Considérant ce qui suit :
1. Aux termes des dispositions de l'article R. 222-1 du code de justice administrative : « (…) les présidents de formation de jugement des tribunaux (…) peuvent, par ordonnance : (…) / 4º Rejeter les requêtes manifestement irrecevables, lorsque la juridiction n'est pas tenue d'inviter leur auteur à les régulariser (…) ».
2. Aux termes de l’article R. 421-1 du même code : « La juridiction ne peut être saisie que par voie de recours formé contre une décision, et ce, dans les deux mois à partir de la notification ou de la publication de la décision attaquée. / Lorsque la requête tend au paiement d’une somme d’argent, elle n’est recevable qu’après l’intervention de la décision prise par l’administration sur une demande préalablement formée devant elle. / (…) ». Aux termes du premier alinéa de l’article R. 612-1 de ce même code : « Lorsque des conclusions sont entachées d’une irrecevabilité susceptible d’être couverte après l’expiration du délai de recours, la juridiction ne peut les rejeter en relevant d’office cette irrecevabilité qu’après avoir invité leur auteur à les régulariser ».
3. La requête de Mme B... tend à la condamnation de l’Assistance publique-Hôpitaux de Marseille à l’indemniser des préjudices qu’elle estime avoir subis. En dépit de la demande de régularisation du 16 janvier 2026, qui a été adressée à Mme B... par l’application « Télérecours citoyens » dont elle a pris connaissance le même jour et tendant à la production, dans un délai de quinze jours, d’une décision de l’administration statuant sur une demande indemnitaire préalable ou, à défaut, la preuve du dépôt d’une demande indemnitaire préalable auprès de l’administration, la requérante n’a pas produit, à l’expiration du délai imparti, la décision attaquée ni justifié avoir formé une demande indemnitaire préalable devant l’administration. Ainsi, ses conclusions indemnitaires, au demeurant non chiffrées, sont manifestement irrecevables. Par suite, la requête de Mme B... est entachée d’une irrecevabilité manifeste et doit être rejetée en application du 4° de l’article R. 222-1 du code de justice administrative.
O R D O N N E
Article 1er : La requête de Mme B... est rejetée.
Article 2 : La présente ordonnance sera notifiée à Mme A... B....

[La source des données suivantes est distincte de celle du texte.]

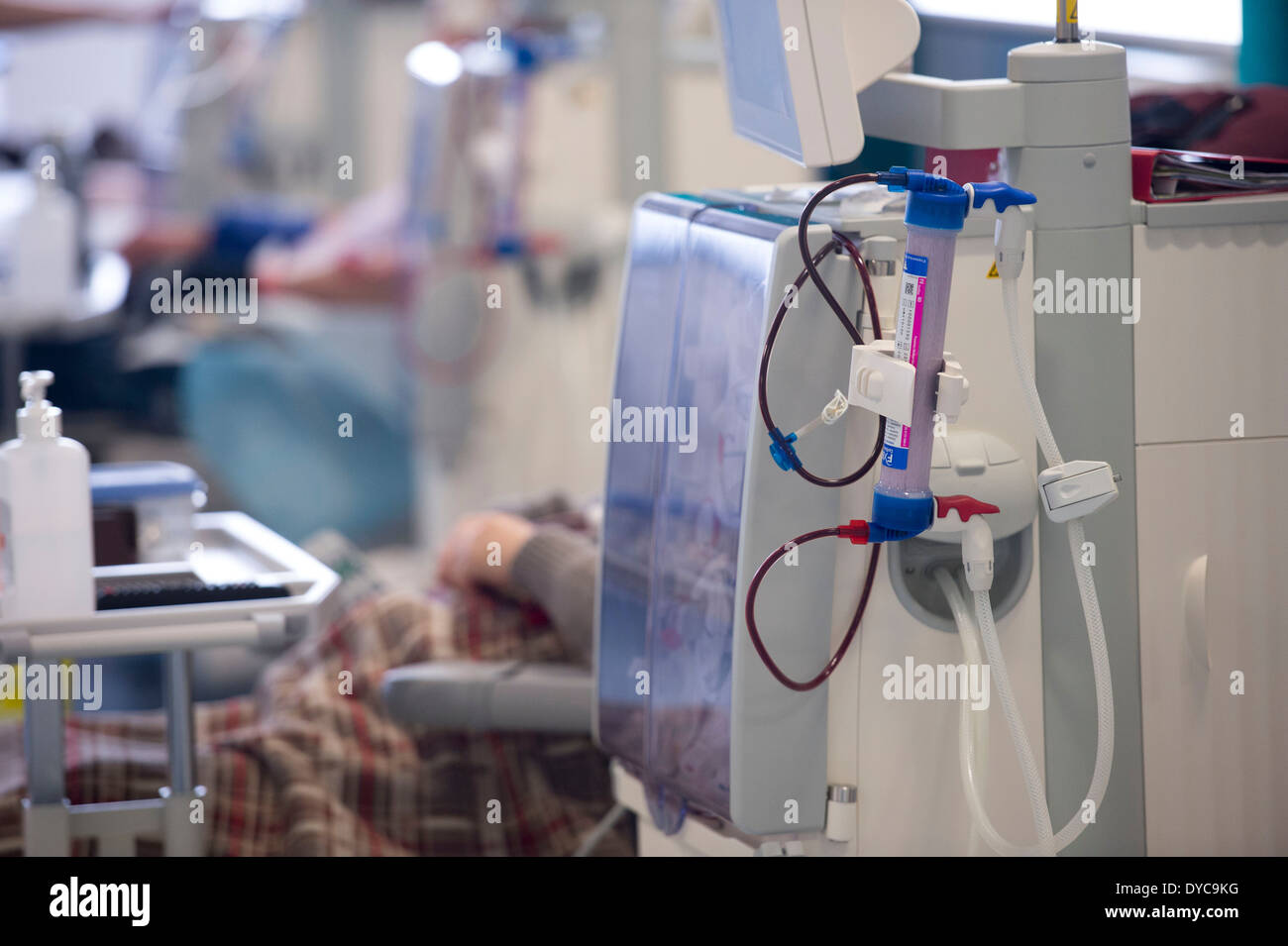 Un patient de dialyse rénale reçoit le traitement de l'insuffisance rénale dans un hôpital du NHS. Banque D'Images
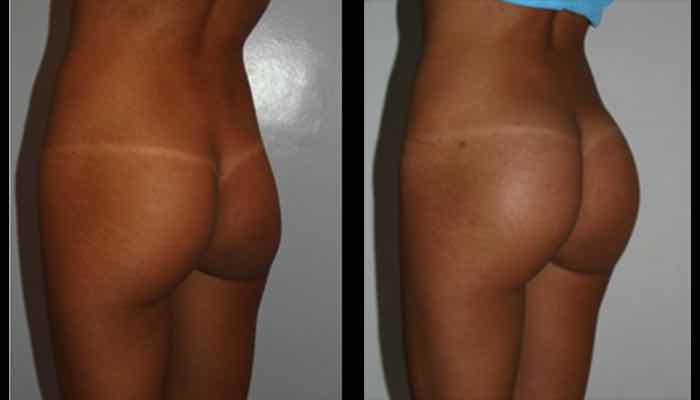 fotos antes y despues implantes gluteos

Copie en sera adressée à l’Assistance publique-Hôpitaux de Marseille.
2
N° 2600671
Fait à Marseille, le 10 février 2026.
La présidente de la 7ème chambre,
signé
S. CAROTENUTO
La République mande et ordonne à la ministre de la santé, des familles, de l’autonomie et des personnes handicapées en ce qui la concerne ou à tous commissaires de justice à ce requis en ce qui concerne les voies de droit commun contre les parties privées de pourvoir à l’exécution de la présente décision.
Pour expédition conforme,
Pour la greffière en chef,
La greffière,
Par une requête, enregistrée le 16 janvier 2026, Mme A... B... demande au tribunal de condamner l’Assistance publique-Hôpitaux de Marseille à l’indemniser des préjudices qu’elle estime avoir subis.
Par un courrier du 16 janvier 2026, le greffe du tribunal a invité Mme B... à régulariser sa requête dans un délai de quinze jours, en application de l’article R. 421-1 du code de justice administrative par la production de la décision prise par l’administration sur sa demande préalable indemnitaire ou de la pièce justifiant de la date du dépôt de cette demande.

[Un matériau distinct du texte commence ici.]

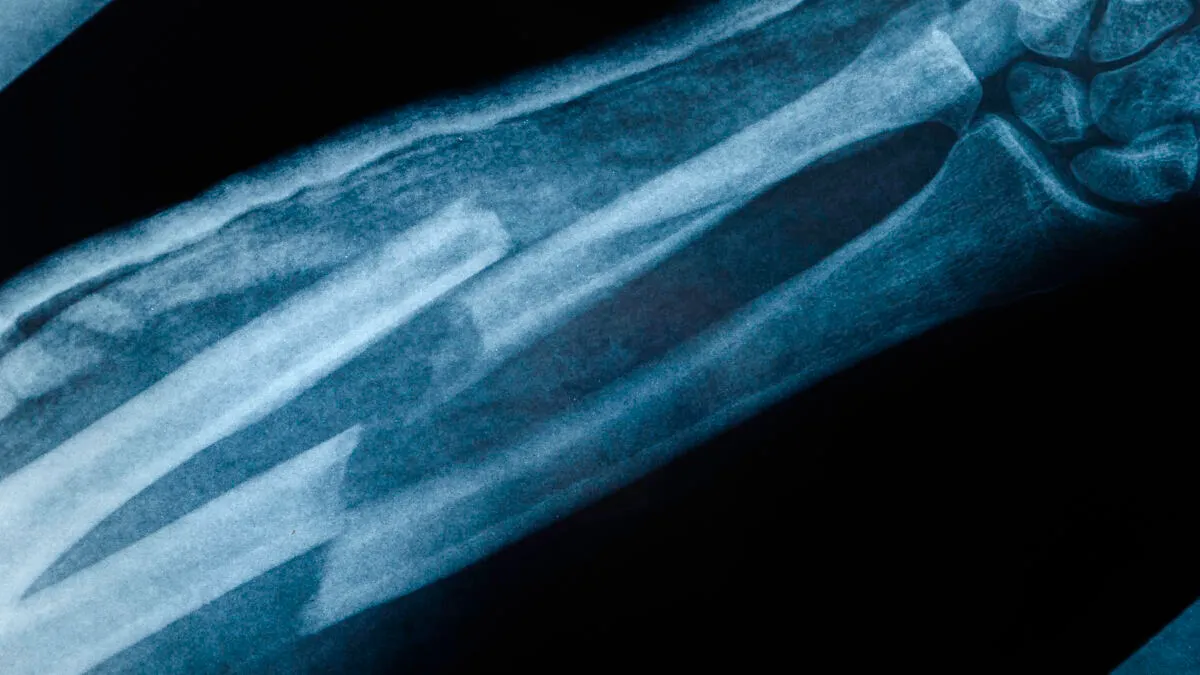 Broken Bone Theory: The TikTok Trend Making Superstition Weirdly Hilarious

Vu les autres pièces du dossier.
Vu le code de justice administrative.
Considérant ce qui suit :
1. Aux termes des dispositions de l'article R. 222-1 du code de justice administrative : « (…) les présidents de formation de jugement des tribunaux (…) peuvent, par ordonnance : (…) / 4º Rejeter les requêtes manifestement irrecevables, lorsque la juridiction n'est pas tenue d'inviter leur auteur à les régulariser (…) ».
2. Aux termes de l’article R. 421-1 du même code : « La juridiction ne peut être saisie que par voie de recours formé contre une décision, et ce, dans les deux mois à partir de la notification ou de la publication de la décision attaquée. / Lorsque la requête tend au paiement d’une somme d’argent, elle n’est recevable qu’après l’intervention de la décision prise par l’administration sur une demande préalablement formée devant elle. / (…) ». Aux termes du premier alinéa de l’article R. 612-1 de ce même code : « Lorsque des conclusions sont entachées d’une irrecevabilité susceptible d’être couverte après l’expiration du délai de recours, la juridiction ne peut les rejeter en relevant d’office cette irrecevabilité qu’après avoir invité leur auteur à les régulariser ».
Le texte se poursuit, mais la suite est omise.